Eoghan Stokes (born 17 May 1996) is an Irish professional footballer who last played as an attacking midfielder for Scottish League One side Dumbarton. He has previously played for Leeds United, Bohemians, Derry City, Cork City, Airdrieonians and is also a former Republic of Ireland U19 international. He can also play as a forward.

Career

Leeds United
After being spotted playing for St Kevins Boys in Ireland, Stokes was signed by Leeds United in 2012, where he graduated through their academy, he was given his Leeds United first team debut on 22 August 2017, when he started for Leeds in a 5–1 League Cup victory against Newport County.

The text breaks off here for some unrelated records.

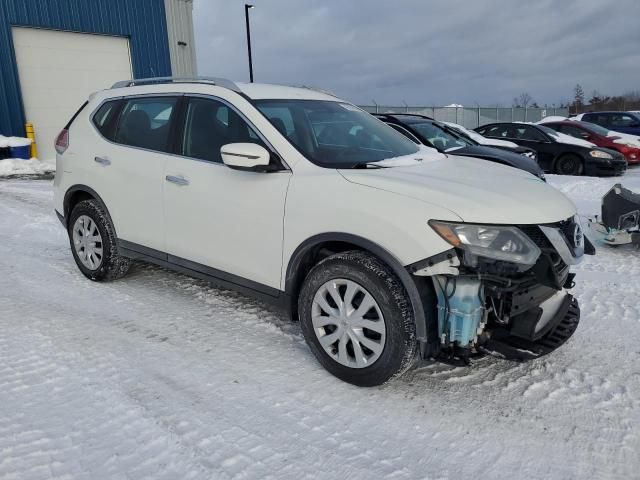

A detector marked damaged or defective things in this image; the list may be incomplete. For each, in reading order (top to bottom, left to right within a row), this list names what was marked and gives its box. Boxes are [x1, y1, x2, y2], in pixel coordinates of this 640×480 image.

front-end collision damage [410, 218, 596, 364]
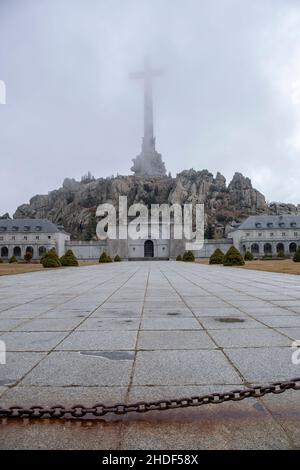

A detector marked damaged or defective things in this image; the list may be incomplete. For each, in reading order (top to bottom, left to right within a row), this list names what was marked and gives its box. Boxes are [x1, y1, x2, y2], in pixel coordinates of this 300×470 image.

rusty chain [0, 378, 298, 418]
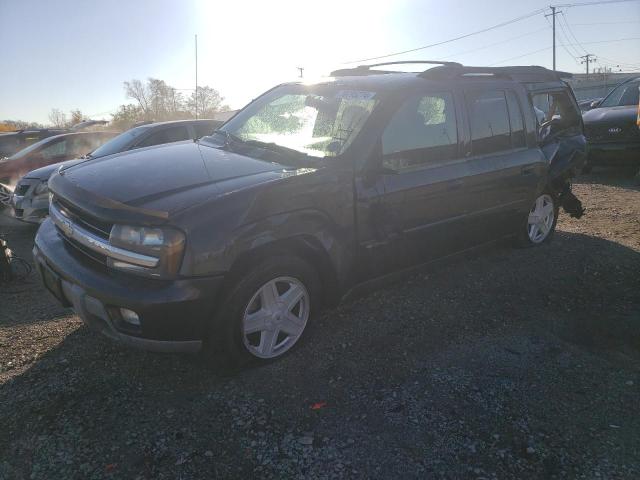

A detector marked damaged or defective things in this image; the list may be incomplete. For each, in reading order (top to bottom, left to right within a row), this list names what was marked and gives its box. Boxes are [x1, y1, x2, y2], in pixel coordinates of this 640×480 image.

wrecked vehicle [11, 120, 224, 225]
wrecked vehicle [33, 62, 584, 366]
damaged audi [33, 62, 584, 366]
wrecked vehicle [584, 77, 636, 176]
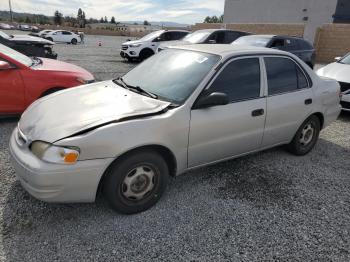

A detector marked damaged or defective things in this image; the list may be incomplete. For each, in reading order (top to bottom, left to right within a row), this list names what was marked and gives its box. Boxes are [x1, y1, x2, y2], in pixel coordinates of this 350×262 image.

crumpled hood [318, 62, 350, 82]
crumpled hood [18, 81, 171, 144]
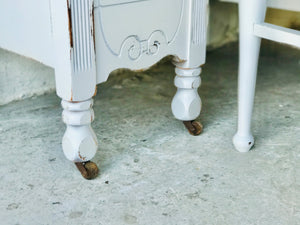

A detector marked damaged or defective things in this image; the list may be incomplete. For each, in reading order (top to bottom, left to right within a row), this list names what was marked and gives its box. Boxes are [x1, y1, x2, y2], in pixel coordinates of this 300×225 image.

chipped white paint [0, 0, 207, 163]
chipped white paint [225, 0, 300, 152]
rusty caster [74, 161, 99, 180]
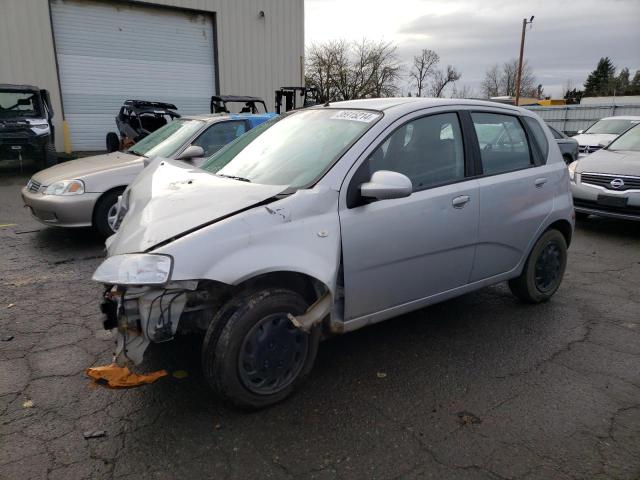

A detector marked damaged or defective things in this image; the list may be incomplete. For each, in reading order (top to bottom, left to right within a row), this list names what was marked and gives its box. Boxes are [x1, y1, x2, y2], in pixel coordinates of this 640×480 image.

crumpled hood [31, 152, 140, 186]
crumpled hood [106, 158, 286, 255]
damaged silver hatchback [91, 98, 576, 408]
crumpled hood [576, 148, 640, 176]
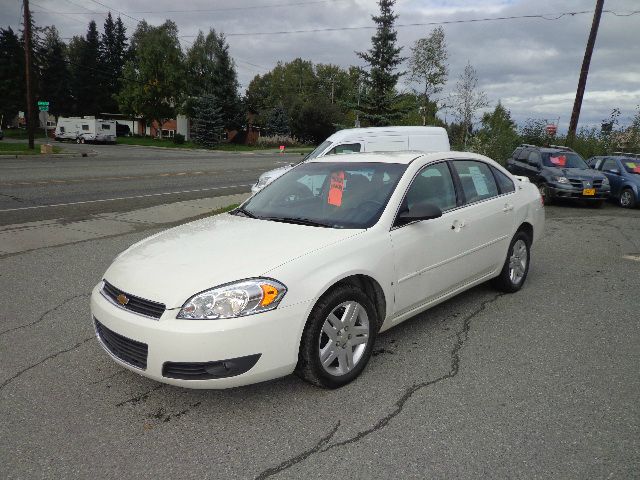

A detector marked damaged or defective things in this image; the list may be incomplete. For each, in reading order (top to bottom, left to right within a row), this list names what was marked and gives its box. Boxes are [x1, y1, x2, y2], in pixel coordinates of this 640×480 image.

On 1 February 2018, Leeds announced they had terminated the contract of Stokes by mutual consent. On 2 February 2018, Leeds Head Coach Thomas Christiansen revealed that he felt Stokes would be set to join a League 1 or League 2 level club after his release.

Bohemians
Stokes joined League of Ireland Premier Division side Bohemians on 15 February 2018. He appeared the next day against Shamrock Rovers as Bohs won 3–1 on the opening night of the 2018 season, but was on the bench. On 24 February 2018, Stokes scored his first goal for Bohemians in a 1-1 draw against Limerick. Over the season, Stokes played 39 games in all competitions for Bohs, scoring 8 goals including one away to Shamrock Rovers in the Dublin Derby.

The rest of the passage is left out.